Vinod Mathew & Nisha Nambiar, Indian Express, January 28, 2007
Pune, January 27: On January 16, they blocked the road leading to a 100-acre construction site—one that, if Dow Chemical has its way, will be their first R&D unit in India. The project was started in October.
The construction work at the Rs 400-crore ‘Global Research Centre’ came to a grinding halt as hundreds of residents of Shinde village, a quiet hamlet tucked away in the interiors of Khed taluka in Pune district, woke up to an uncomfortable reality—that Dow Chemical now owns Union Carbide Corporation. The Corporation was the parent company of Union Carbide India Limited (UCIL) when the Bhopal tragedy struck in 1984. For the villagers, however, it is of no consequence that UCIL was hived off by UCC in 1994 to McLeod Russel (India) Limited. The negative light under which the 1,500-odd villagers have begun to look at Dow Chemical’s centre has led to a decision that not a single truck, carrying building material or any worker to the construction site, will be allowed to pass through the village, the sole approach to the Dow Chemical unit. They know it could soon become a ‘law-and-order’ situation and they’re bracing up to face such an eventuality, though as of now the protest is a peaceful one.
Sarpanch Gorakh Rambhau Temghire — who was called twice last week by the sub-divisional officer to be persuaded to withdraw the agitation — has told the villagers that the agitation will continue under the umbrella of Bhamchandragarh Bachao Warkari Kisan Sangharsh Samiti, after Bhamchandragarh, a place of historical importance near their village.
The villagers are working in three-hour shifts between 8 am and 7 pm, playing the role of sentry at this point and shouting slogans against the company. Interestingly, there has been no police action against them. “Let them arrest us,” shouts Shantaram Bapu Temghire, former sarpanch of the village, reflecting the mood of the villagers.
The stand of villagers has perplexed N Y Sanglikar, Director, Public Affairs, Dow Chemical International Private Limited, as he believed the villagers were all for the ‘big project’ till a few weeks ago. “These are my people and I know them. They can be easily swayed. This week they may be opposing the project, but the next week they could be supporting it. The company has decided to allow time to win back the confidence of the villagers. But there is no time frame,” he says.

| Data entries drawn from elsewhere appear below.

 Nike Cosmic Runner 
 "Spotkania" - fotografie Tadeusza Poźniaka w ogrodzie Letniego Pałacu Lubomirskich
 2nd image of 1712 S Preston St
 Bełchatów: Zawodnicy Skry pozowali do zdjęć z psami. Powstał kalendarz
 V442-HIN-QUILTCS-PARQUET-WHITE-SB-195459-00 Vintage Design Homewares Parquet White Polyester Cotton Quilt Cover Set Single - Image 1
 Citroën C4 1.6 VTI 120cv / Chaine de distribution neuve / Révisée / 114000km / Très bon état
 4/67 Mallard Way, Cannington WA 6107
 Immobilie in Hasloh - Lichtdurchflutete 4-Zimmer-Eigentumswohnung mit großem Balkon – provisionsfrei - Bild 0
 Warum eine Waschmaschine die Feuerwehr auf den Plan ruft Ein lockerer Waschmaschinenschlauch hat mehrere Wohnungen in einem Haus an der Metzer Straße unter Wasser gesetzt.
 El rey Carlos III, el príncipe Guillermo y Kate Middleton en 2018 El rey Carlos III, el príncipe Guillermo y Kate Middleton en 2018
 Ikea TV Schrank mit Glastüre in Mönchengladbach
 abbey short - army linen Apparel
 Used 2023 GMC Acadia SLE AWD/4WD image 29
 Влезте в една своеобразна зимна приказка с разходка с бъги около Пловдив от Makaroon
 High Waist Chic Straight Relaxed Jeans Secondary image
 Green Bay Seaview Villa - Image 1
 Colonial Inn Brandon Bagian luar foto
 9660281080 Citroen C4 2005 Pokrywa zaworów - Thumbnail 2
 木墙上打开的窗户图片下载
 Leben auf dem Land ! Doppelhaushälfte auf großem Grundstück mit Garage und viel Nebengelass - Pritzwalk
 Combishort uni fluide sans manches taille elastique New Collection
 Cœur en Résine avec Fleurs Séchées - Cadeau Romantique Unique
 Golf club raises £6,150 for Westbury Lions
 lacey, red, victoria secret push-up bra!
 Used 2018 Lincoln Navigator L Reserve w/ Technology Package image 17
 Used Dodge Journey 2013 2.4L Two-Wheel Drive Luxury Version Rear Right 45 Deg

According to Justice BG Kolse Patil, retired judge of Bombay High Court, Justice P B Sawant, retired judge of Supreme Court and social activist Vilas Sonawane, the villagers were swayed by the arguments of the company once, but not anymore. “An RTI has been moved for information on Dow and we are ready to file a writ petition in the High Court for the same,” says Patil.
Meanwhile, villagers have in their hand — what they hope can act as a legal spanner in the project work — the 7/12 extract of the 100 acres where it’s called a ‘gairan’ (grazing land for cattle), which is to be looked after by the village panchayat. “When it was given over by the Government to the company, we were not told about it. No change of ownership has been made in the revenue documents. As on January 10, 2008, the owner of the land where the company is putting up its facility is not MIDC or Dow Chemical,” says villager Genbhau Mengle.
According to Purshottam Jadhav, MIDC’s regional officer at Pune, since it is a Government land, the onus is on the Government to change its ownership once the District Collector passes the order and it’s not mandatory to ask the panchyat samiti’s permission. “Of the 62.74 hectares, 10 hectares were given back to the village, 40 hectares were given for Dow Chemical and 12 hectares remained with the Government,” he says. However, the same is yet to be reflected in the 7/12 extract.
“The 100-acre plot has been allocated to us by the Maharashtra Government on a long lease basis. We have the appropriate documents and approvals in place needed to start and continue the construction of the research centre,” points out Sanglikar.
Meanwhile, no efforts are being spared by the company to convince the villagers of their bonafide intent. On January 22, Dow Chemical got a letter of support from National Chemical Laboratory (NCL). On Thursday, NCL Deputy Director B D Kulkarni said he was requested by the company to give a covering letter and he did it immediately as NCL had worked on some research projects with Dow. When asked whether he had seen the project report, he said that they had assured him that it would be send to him later.
The coming days may see lot of developments as Dow Chemical is planning to woo back those villagers who were supportive of their centre mid-December when they got ‘swayed by outsiders’ — only two months after Maharashtra Chief Minister Vilasrao signed on the dotted line to pave way for the facility.